• **Work request**
Pictures aside, reproduce exactly and only the lines below, starting at the one containing "Immagine 32 di" and ending at the last line.

• **Dataset entries**

[Start of Attachment]

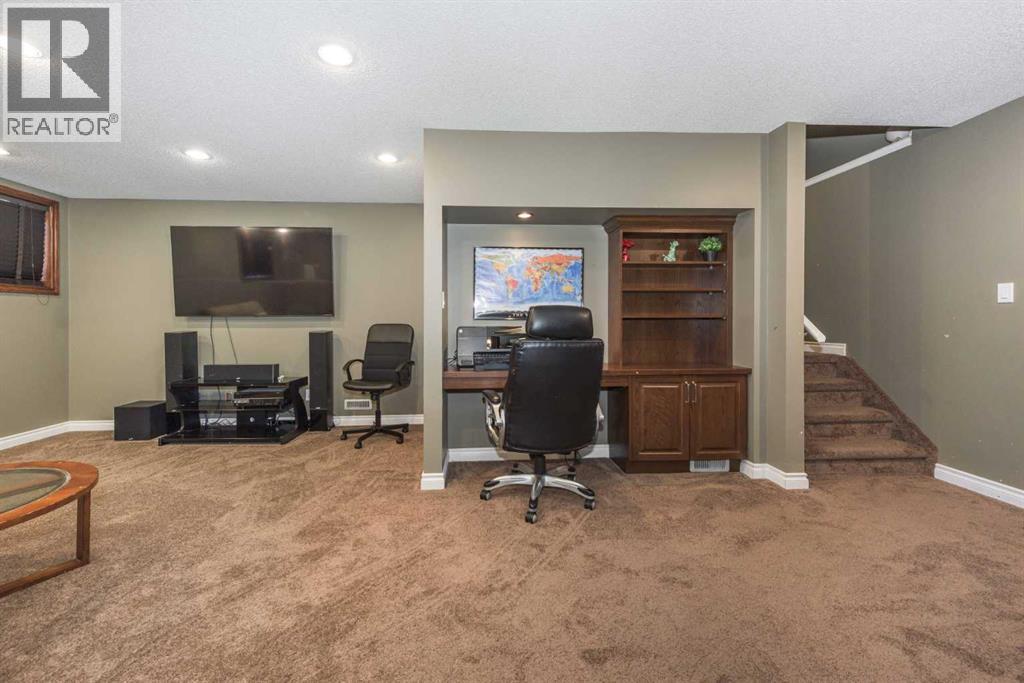 56 Evansbrooke Landing, Calgary, Alberta  T3P 1G5 - Photo 26 - A2301292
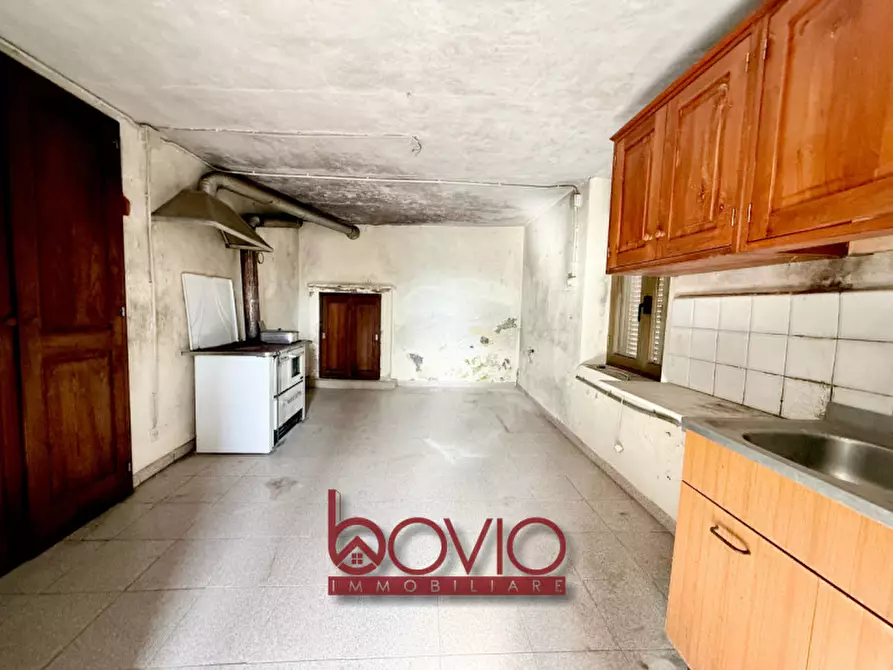 Immagine 32 di Rustico / casale in vendita  in FRAZIONE PAROGNO a Zubiena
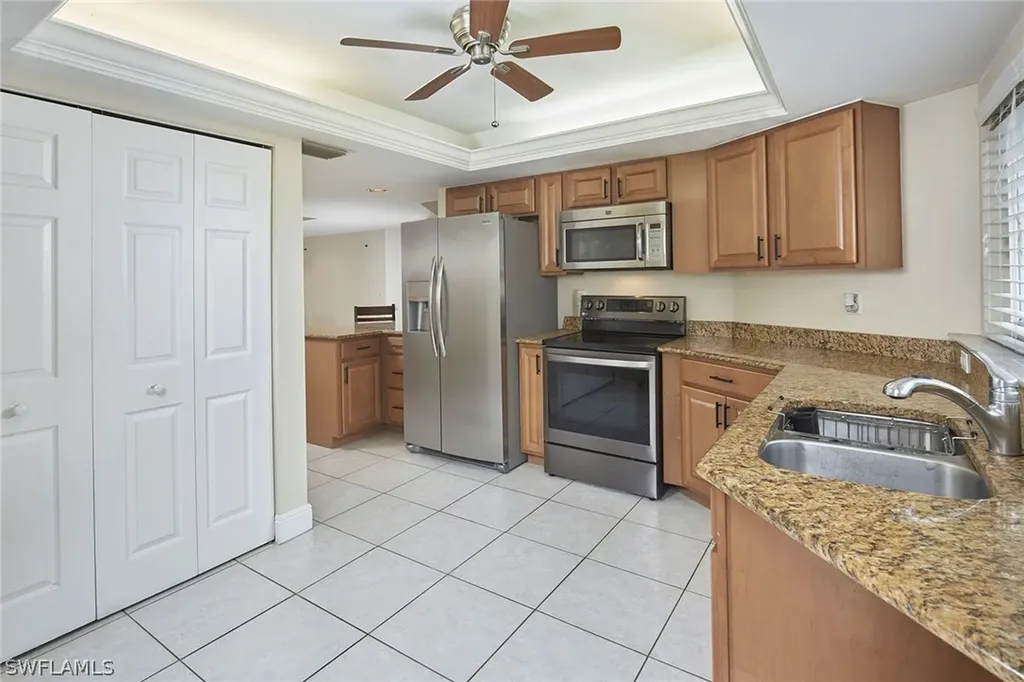 9856 Luna Circle Naples FL 34109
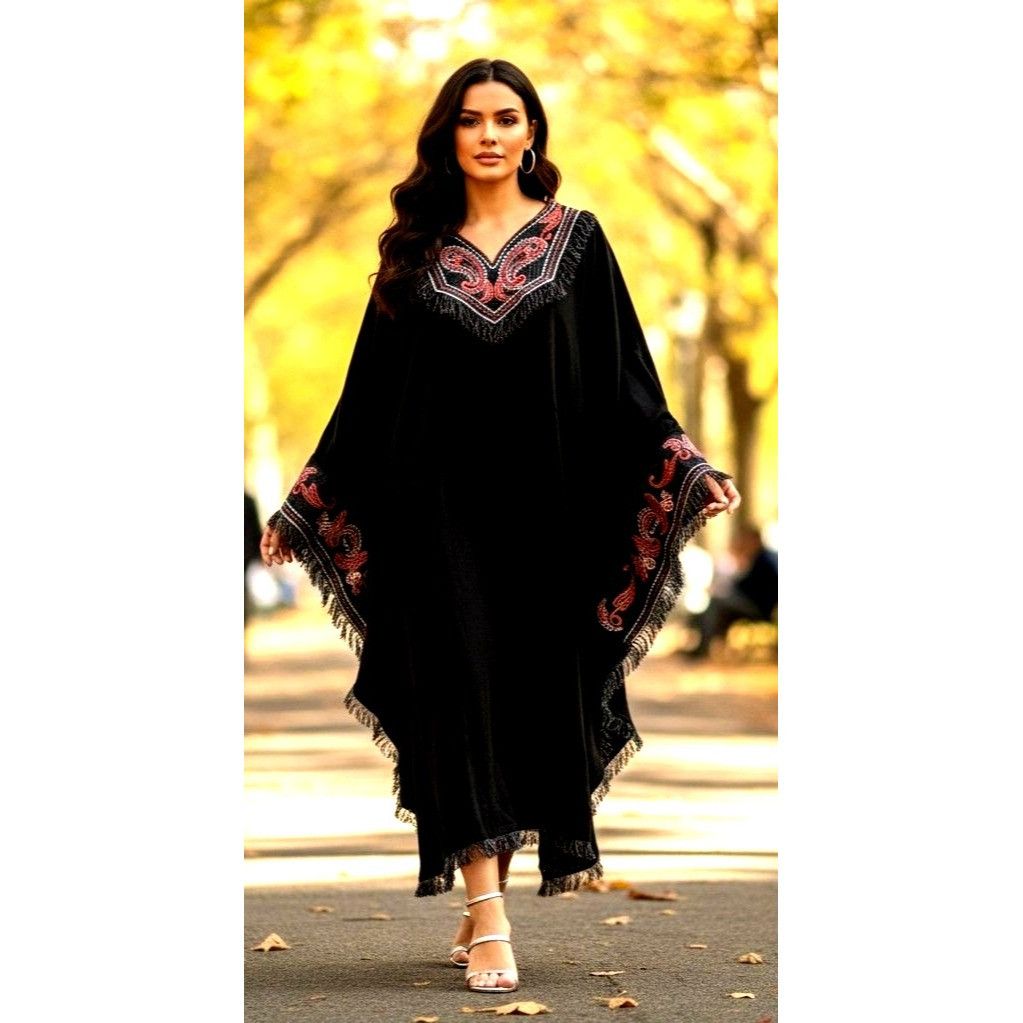 Other Royal Class Poncho Shawl Cape One Size Black Embellished Fri Size ONE SIZE - 1 Thumbnail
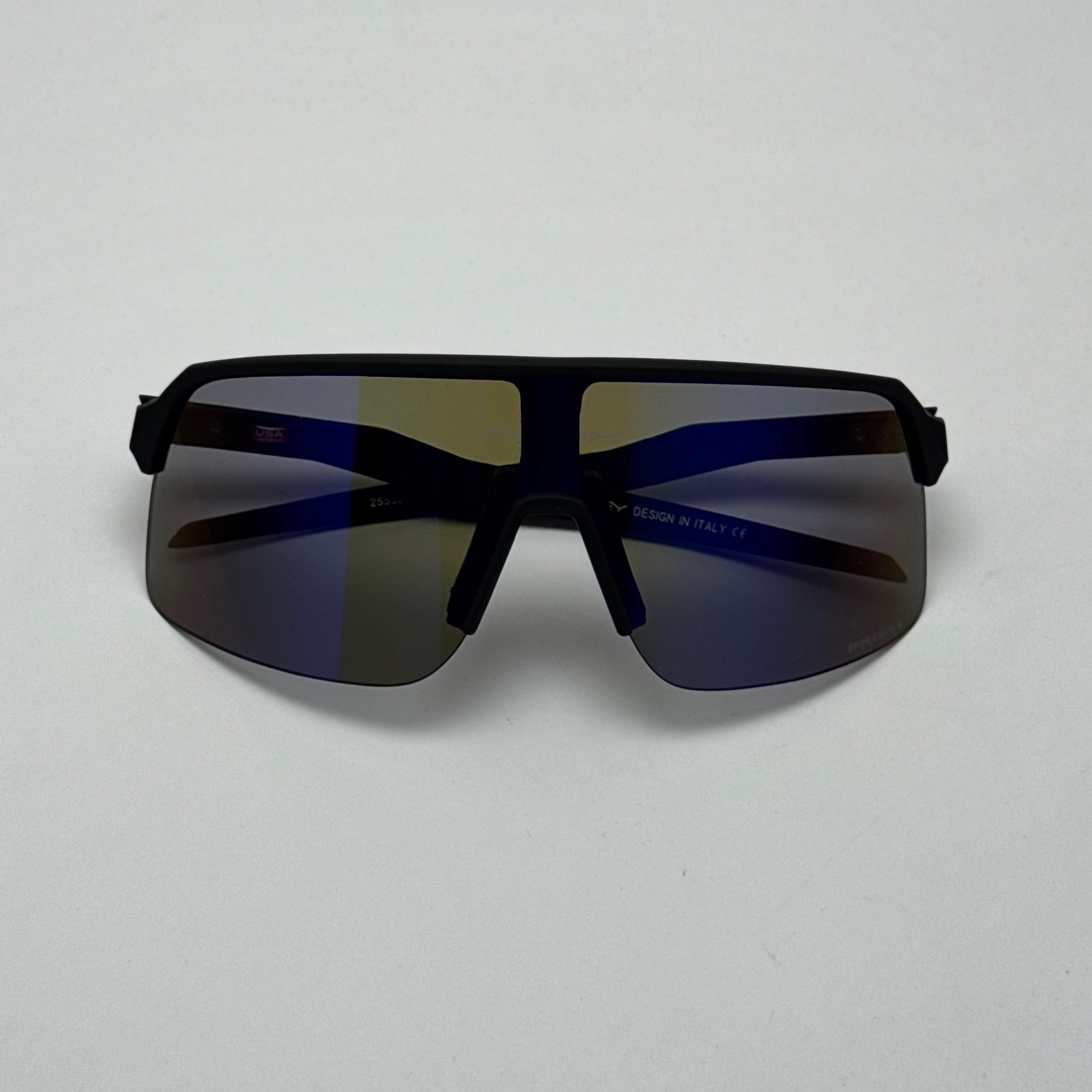 عینک آفتابی اسپرت اوکلی OAKLEY مدل SUTRO فریم مشکی عدسی آبی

[End of Attachment]

• **Result**
 Immagine 32 di Rustico / casale in vendita  in FRAZIONE PAROGNO a Zubiena
 9856 Luna Circle Naples FL 34109
 Other Royal Class Poncho Shawl Cape One Size Black Embellished Fri Size ONE SIZE - 1 Thumbnail
 عینک آفتابی اسپرت اوکلی OAKLEY مدل SUTRO فریم مشکی عدسی آبی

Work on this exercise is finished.